There are people who drink varietals of wine based on the outside temperature levels: deep cabernets and malbecs in the winter months, then the wine color gets lighter as the temperature rises. I happen to be one of those people—I could never drink pinot noir in August—but my favorite summer beverage is the lightest of them all. Vinho verde comes to us from Portugal, and is a light, fizzy white wine that’s all-out perfect for the summer months. It even has a lower-alcohol content—so it’s not as intense as a straight-up chardonnay—with an effervescence that makes you feel festive just by pouring it into a glass. So use a champagne flute, why not: It’s like drinking champagne at domestic beer prices. My favorite, Gazela, has a citrusy flavor that sauvignon blanc fans will find familiar. That one retails for under $10, but you can even pick up Espiral at Trader Joe’s for as little as $5. This fabulous drink will be as unfashionable as white pants as soon as Labor Day hits, so enjoy it while you can.
Years ago, my brother, my cousin, and their friends happened upon a YouTube video starring the Zooperstars, a touring troupe of performers in inflatable animal costumes who entertain between innings, during intermissions, and at halftimes in athletic venues across the country.

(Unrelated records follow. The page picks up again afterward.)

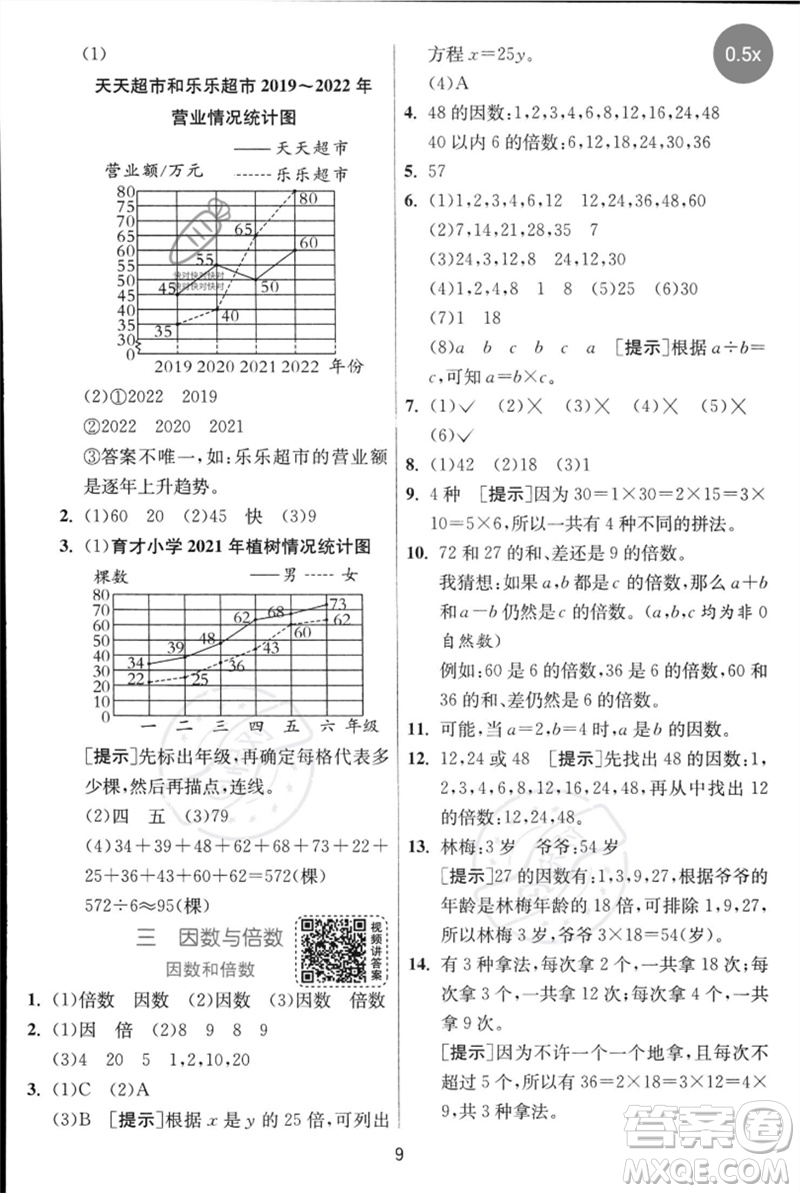 江蘇人民出版社2023實(shí)驗(yàn)班提優(yōu)訓(xùn)練五年級數(shù)學(xué)下冊人教蘇教版參考答案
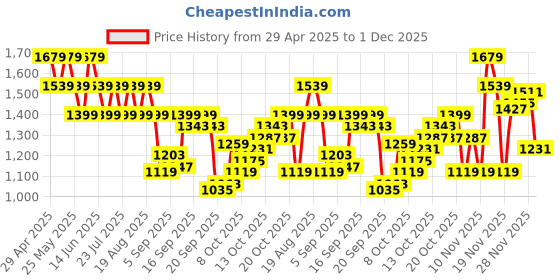 myntra.com SPYKAR Men Sweatshirt spykar Price History Graph from 29 Apr 2025 to 1 Dec 2025
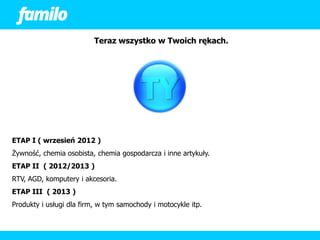 Teraz wszystko w Twoich rękach.




ETAP I ( wrzesień 2012 )
Żywność, chemia osobista, chemia gospodarcza i inne artykuły.
ETAP II ( 2012/2013 )
RTV, AGD, komputery i akcesoria.
ETAP III ( 2013 )
Produkty i usługi dla firm, w tym samochody i motocykle itp.
 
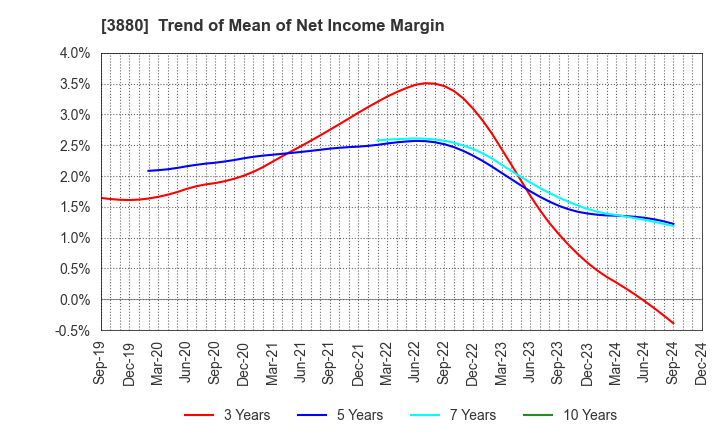 3880 Daio Paper Corporation: Trend of Mean of Net Income Margin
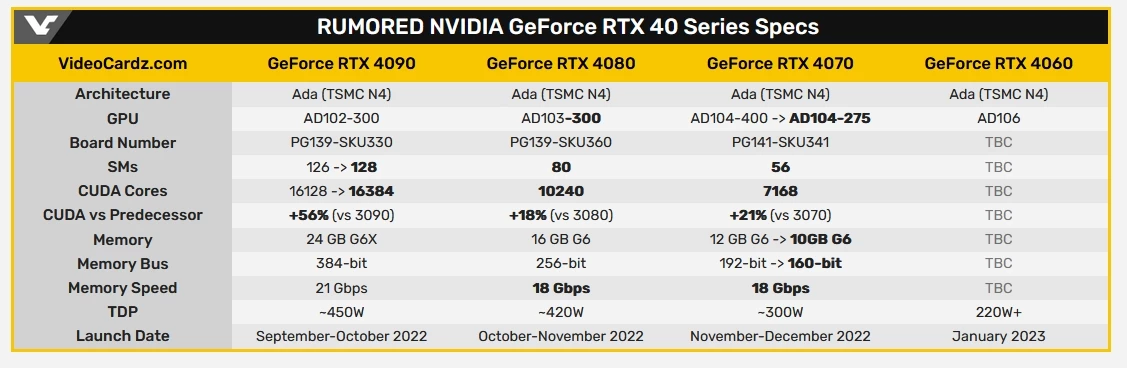 Свежий инсайд раскрывает данные видеокарт RTX 40XX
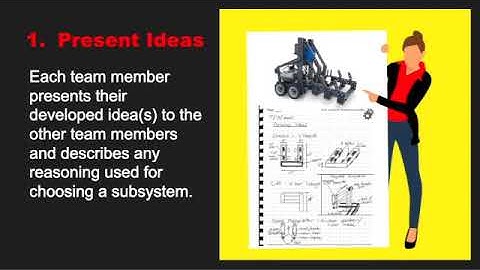 Choosing the Best Idea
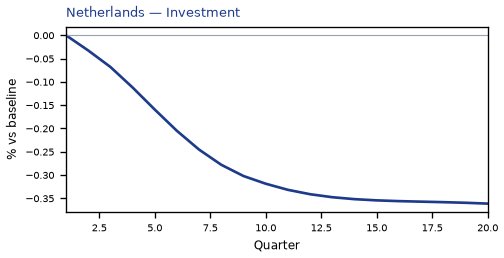 Investment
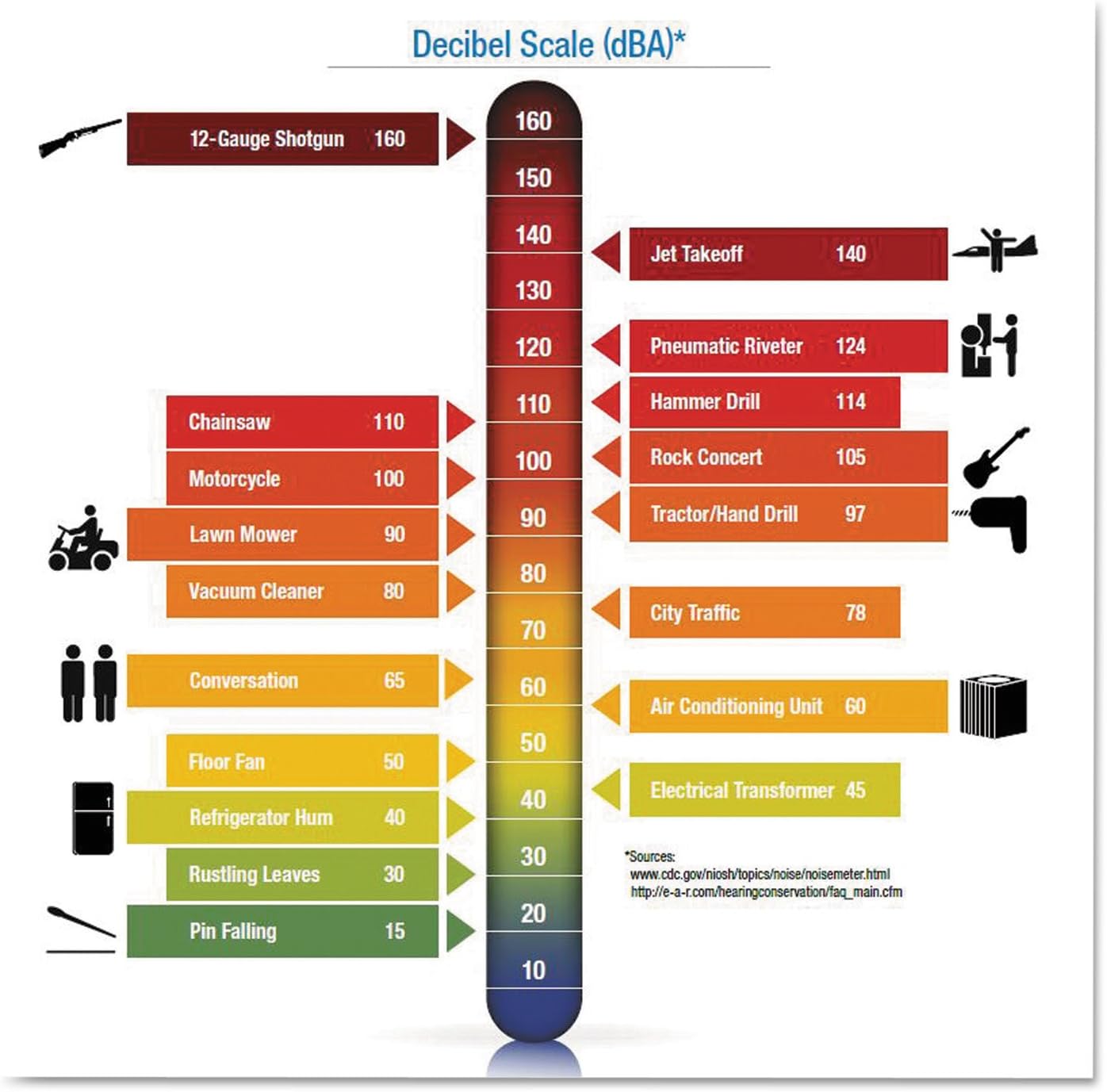 3M H10A Peltor Optime 105 High Performance Ear Muffs, Black/Red, One Pair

The act is objectively corny—and they were told so, to their squishy faces, multiple times in their run on America’s Got Talent. But anything that enrages Piers Morgan gets a pass in my book, as does the dad-joke-level wordplay that goes into the characters’ names: Clammy Sosa, Snail Earnhardt Jr., Nomar Garciaparrot, and so on. Having now seen the Zooperstars in person, during a recent match-up between the Frontier League’s Schaumburg Boomers and Washington Wild Things, I can confirm they’re corny as hell, but definitely worth the price of admission to a minor-league baseball game. Please believe me when I tell you that seeing Clammy Sosa eat a guy (then barf up his clothes, then barf up the guy) is going to be one of the highlights of my summer. And you don’t have to take my word for it: You can also go by the genuine shrieks of delight that emitted from my entire party whenever the Zooperstars hit the field. Just look at our faces in this snapshot with the Zooperstars’ bird in the press squawks, Harry Canary. Holy caw! (Please accept this write-up as a tacit Staff Pick for the following: minor-league baseball in Midwestern suburbs, lax public-transit restrictions on alcohol consumption, and hating the stinking guts of sanctimonious television personalities who can’t stop tweeting about all the feet they want to fuck.)